# Your assignment
Give the lines again exactly as they appear below, from the line with "3 Color Ballpoint" to the line with "-Riley-mama.-さんの部屋", both included, and only those lines. Leave every picture out.

── Records to use ──

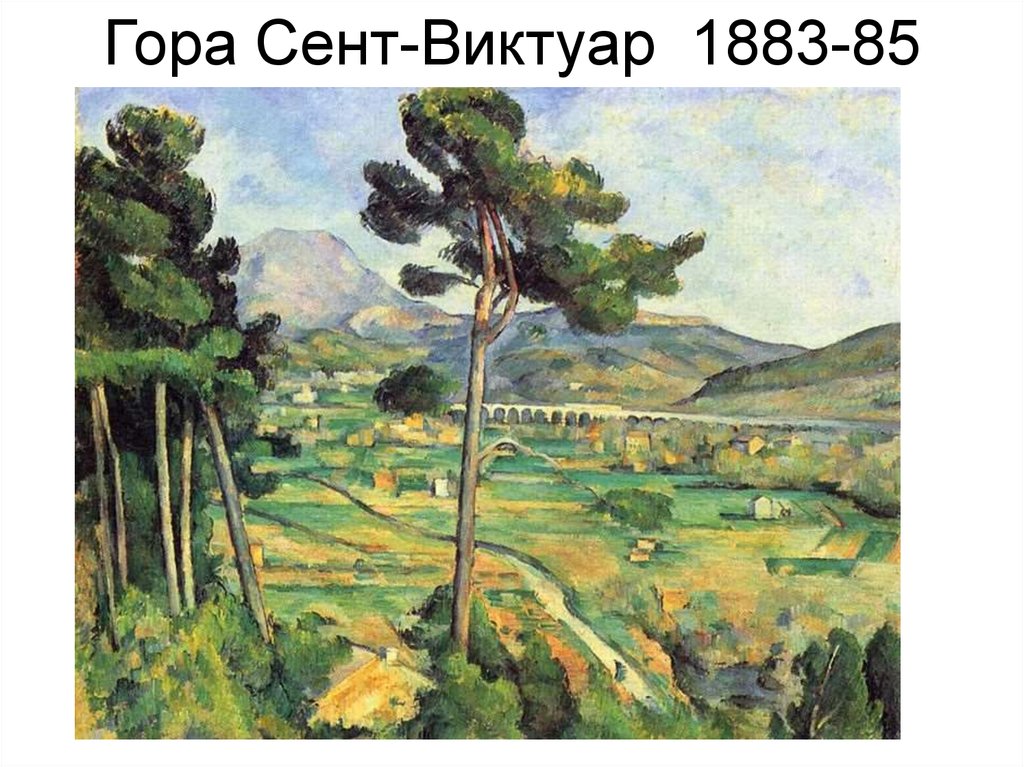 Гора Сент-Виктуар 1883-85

───
── Records to use ──

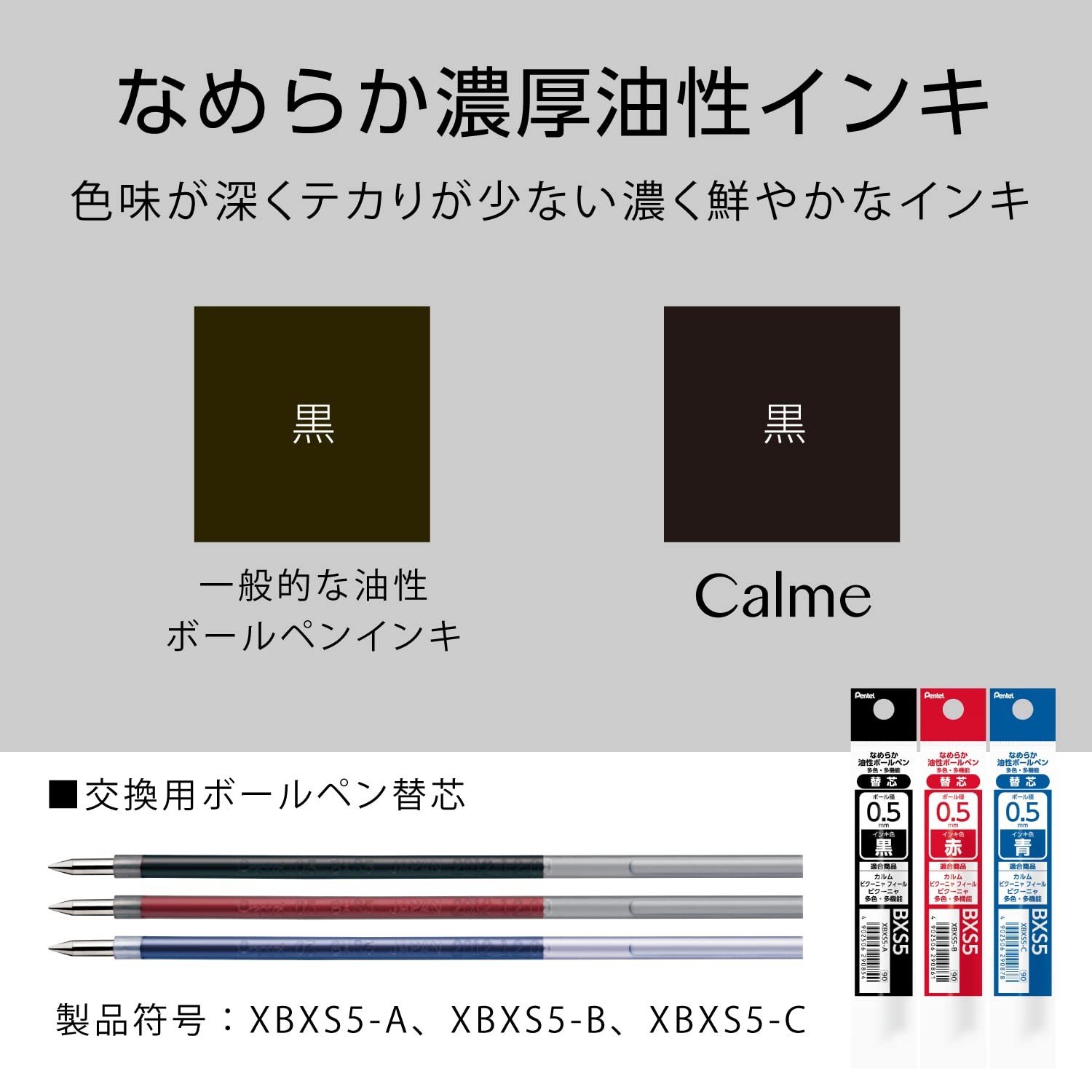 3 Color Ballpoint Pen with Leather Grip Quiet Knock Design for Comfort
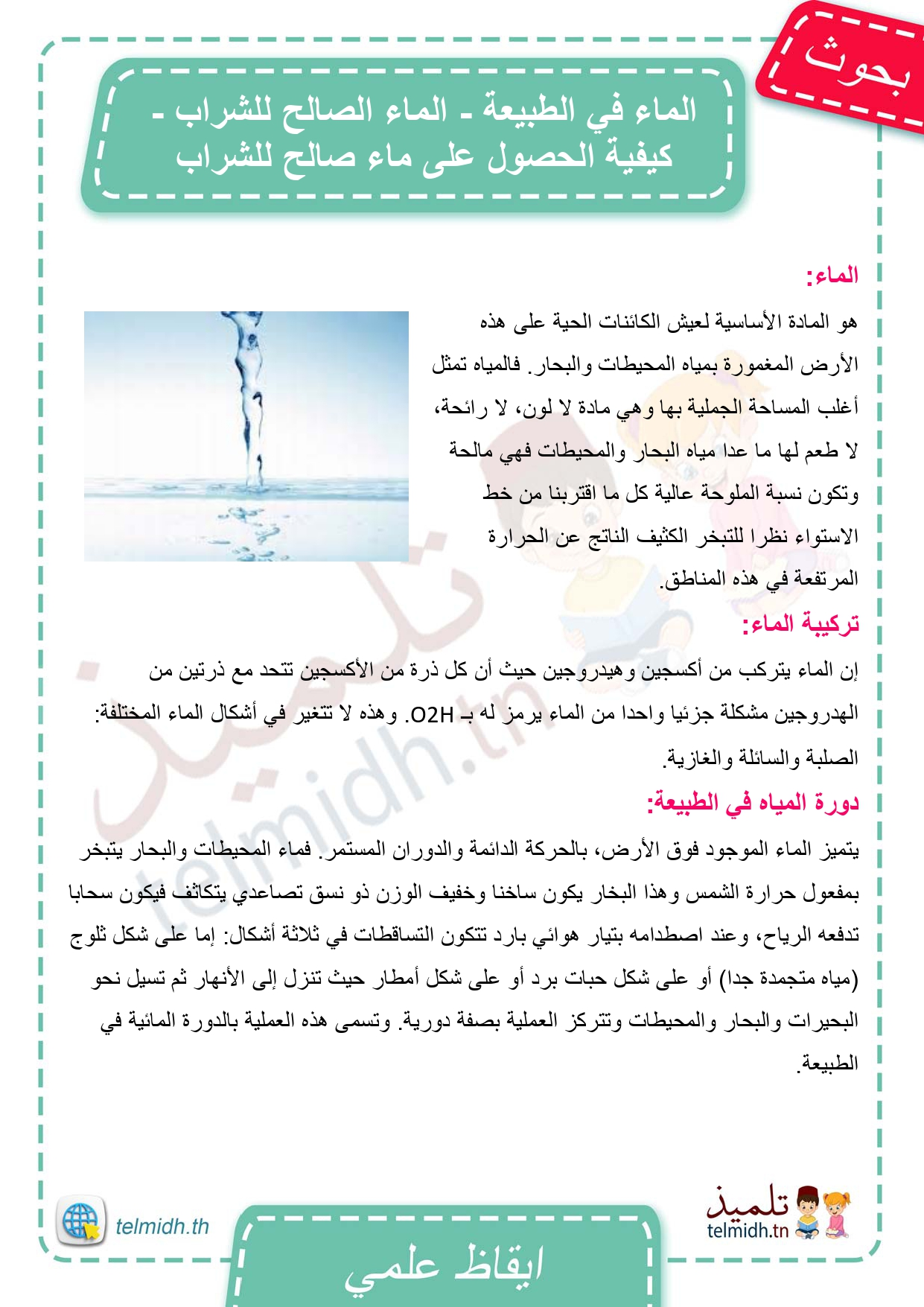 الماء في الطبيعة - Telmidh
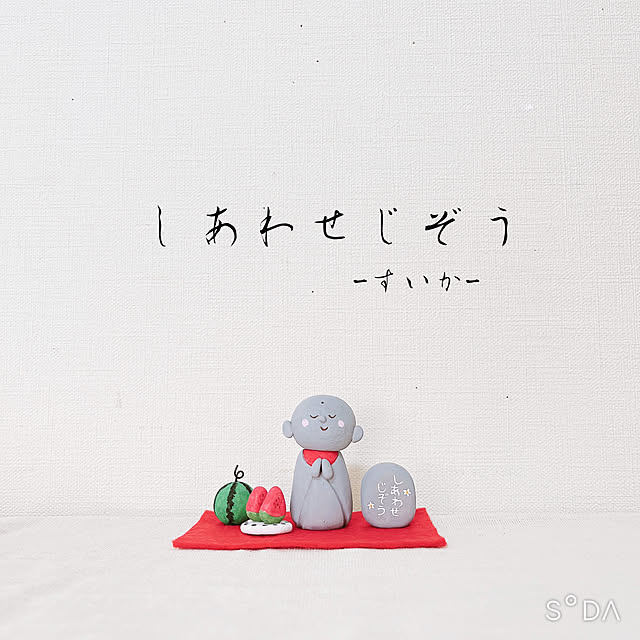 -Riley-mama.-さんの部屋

───

# Answer space
 3 Color Ballpoint Pen with Leather Grip Quiet Knock Design for Comfort
 الماء في الطبيعة - Telmidh
 -Riley-mama.-さんの部屋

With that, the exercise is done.